Three reasons for the flattening
Pull apart the Q1 2026 quarter and three things are happening at once.
The first is Microsoft Copilot's enterprise inflection. Office 365 Copilot revenue, embedded in the M365 commercial line, is growing faster than the disclosed Azure AI line. The relevant Q1 disclosure: M365 commercial cloud revenue grew 16% YoY, of which roughly 380bps were Copilot-attributable per the earnings call transcript. Copilot's underlying inference is consumed against deployed Azure capacity. As Copilot grows, utilisation on Microsoft's own GPUs grows mechanically.
The second is Bedrock and Vertex catching API demand. Anthropic moved a meaningful chunk of its inference volume onto Bedrock through 2025; Google's Gemini Flash 2.0 and 2.5 dramatically expanded the API-callable surface. AWS disclosed Bedrock-token throughput grew 4.7x YoY in Q1; Google disclosed Vertex AI billable tokens up "more than 5x." Some fraction of that is genuine demand growth and some is share-shift from OpenAI's direct API, but either way it lands on hyperscaler capacity.

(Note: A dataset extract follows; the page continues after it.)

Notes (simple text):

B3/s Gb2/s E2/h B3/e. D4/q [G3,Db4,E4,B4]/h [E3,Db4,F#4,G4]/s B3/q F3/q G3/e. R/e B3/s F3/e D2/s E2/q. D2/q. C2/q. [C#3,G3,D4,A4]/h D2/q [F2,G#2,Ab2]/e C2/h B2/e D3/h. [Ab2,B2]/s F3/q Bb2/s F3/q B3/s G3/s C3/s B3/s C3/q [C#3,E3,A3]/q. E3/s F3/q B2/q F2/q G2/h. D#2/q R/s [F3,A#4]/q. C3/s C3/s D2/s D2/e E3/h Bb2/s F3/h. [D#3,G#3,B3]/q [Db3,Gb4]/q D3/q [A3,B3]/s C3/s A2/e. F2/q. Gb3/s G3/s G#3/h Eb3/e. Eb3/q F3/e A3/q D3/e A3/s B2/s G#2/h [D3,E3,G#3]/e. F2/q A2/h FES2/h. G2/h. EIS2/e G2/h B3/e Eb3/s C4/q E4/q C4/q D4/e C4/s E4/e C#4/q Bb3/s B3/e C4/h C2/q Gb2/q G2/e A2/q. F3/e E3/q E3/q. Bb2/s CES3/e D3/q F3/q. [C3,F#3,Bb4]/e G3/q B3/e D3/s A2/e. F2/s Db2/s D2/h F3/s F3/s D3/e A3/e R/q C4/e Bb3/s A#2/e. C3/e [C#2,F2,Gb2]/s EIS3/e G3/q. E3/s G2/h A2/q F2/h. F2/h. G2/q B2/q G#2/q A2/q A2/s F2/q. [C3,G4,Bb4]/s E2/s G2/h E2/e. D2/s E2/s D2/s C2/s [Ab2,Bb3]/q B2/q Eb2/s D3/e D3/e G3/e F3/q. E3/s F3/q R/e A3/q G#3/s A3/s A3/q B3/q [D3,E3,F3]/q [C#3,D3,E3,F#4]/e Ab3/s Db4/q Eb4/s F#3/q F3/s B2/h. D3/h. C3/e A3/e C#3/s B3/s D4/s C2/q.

The third — and this is the one to watch — is OpenAI's own deployment slowing. OpenAI's compute spend through Microsoft is now running at roughly $19bn/year, capped by Microsoft's capacity-allocation contract. The faster-than-expected build-out of Stargate (Oracle-hosted, SoftBank-financed) is supposed to relieve that constraint by Q3, but the Q1 print suggests OpenAI is being throttled at the margin. The throttle compresses Microsoft's utilisation curve in the short run.

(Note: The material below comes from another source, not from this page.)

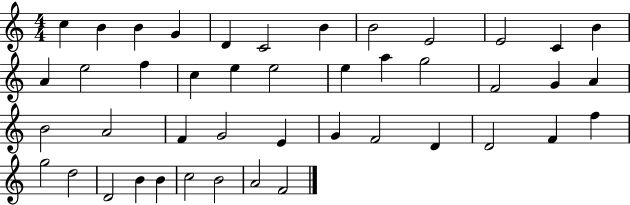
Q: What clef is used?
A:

Net of the three: the flattening is partly demand catching up (durable) and partly a constraint on the largest single inference consumer (temporary). Honest read: the curve probably resumes downward by one or two percentage points through Q2 and Q3 before stabilising in the high 50s through year-end.

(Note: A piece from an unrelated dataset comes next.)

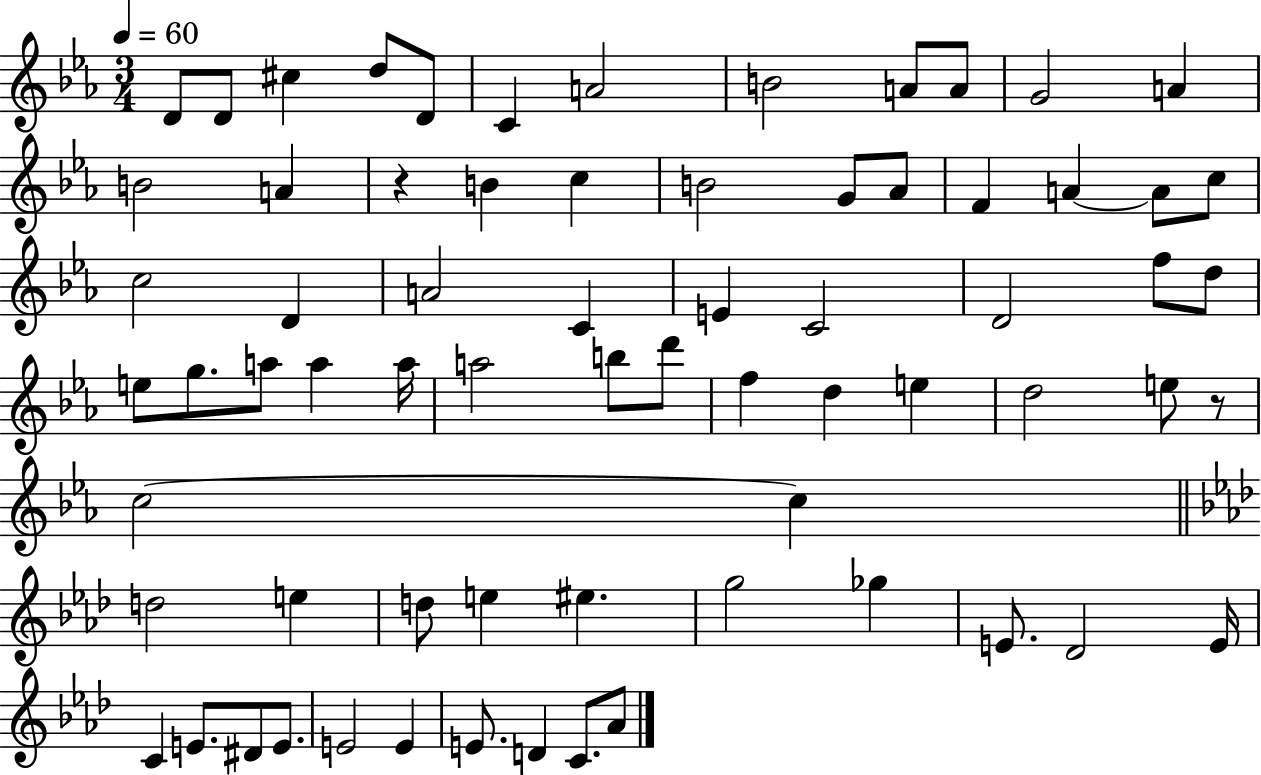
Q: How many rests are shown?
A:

What it implies for the 2027 capex guides
If utilisation stabilises in the high 50s, the 2027 capex guides need to roll over. The arithmetic is straightforward: at 60% utilisation, every incremental dollar of capex needs to generate $1.85 of revenue to clear a 22% pre-tax IRR (assuming 4-year depreciation, current pricing). At 75% utilisation, the same dollar needs to generate $1.48. The implied revenue ramp at current capex run-rate, at 60% utilisation, is roughly $370bn of new AI revenue by FY28 across the four. That number is plausible; it is not certain.
The under-discussed risk is that the four hyperscalers are individually capacity-constrained ("we cannot sell what we cannot deploy") while being collectively at-or-near capacity-saturated ("the marginal token is now competitively priced because everyone has capacity"). Those two conditions can be true at the same time, and 2026 is the first year where they are both visibly true.
Watch for the language in the Q2 2026 calls. If three of the four hyperscalers shift from "demand exceeds supply" to "we are seeing strong demand at attractive unit economics," the cycle has entered a new phase. That phrasing is the cycle-top tell.
The Concept-Index point
This is a Capex Arms Race result, with an Aggregator Theory overlay. The capex itself is rationalisable only by reference to the customer relationship it locks in — not by reference to the spot economics of any individual GPU. Microsoft is not building $80bn of capacity because B200s clear a great IRR in isolation; it is building $80bn of capacity to make sure that, for the next decade, every enterprise inference workload runs on Azure. The capex is a marker for the aggregator position.
That makes the cycle inherently harder to bend than the bears claim. A rational individual hyperscaler may cut capex; four rational hyperscalers playing a positional game may not, even when the spot economics worsen. The bear case requires one of them to defect first. So far, none has.
— Kairos Thorne, Singapore. 12 May 2026.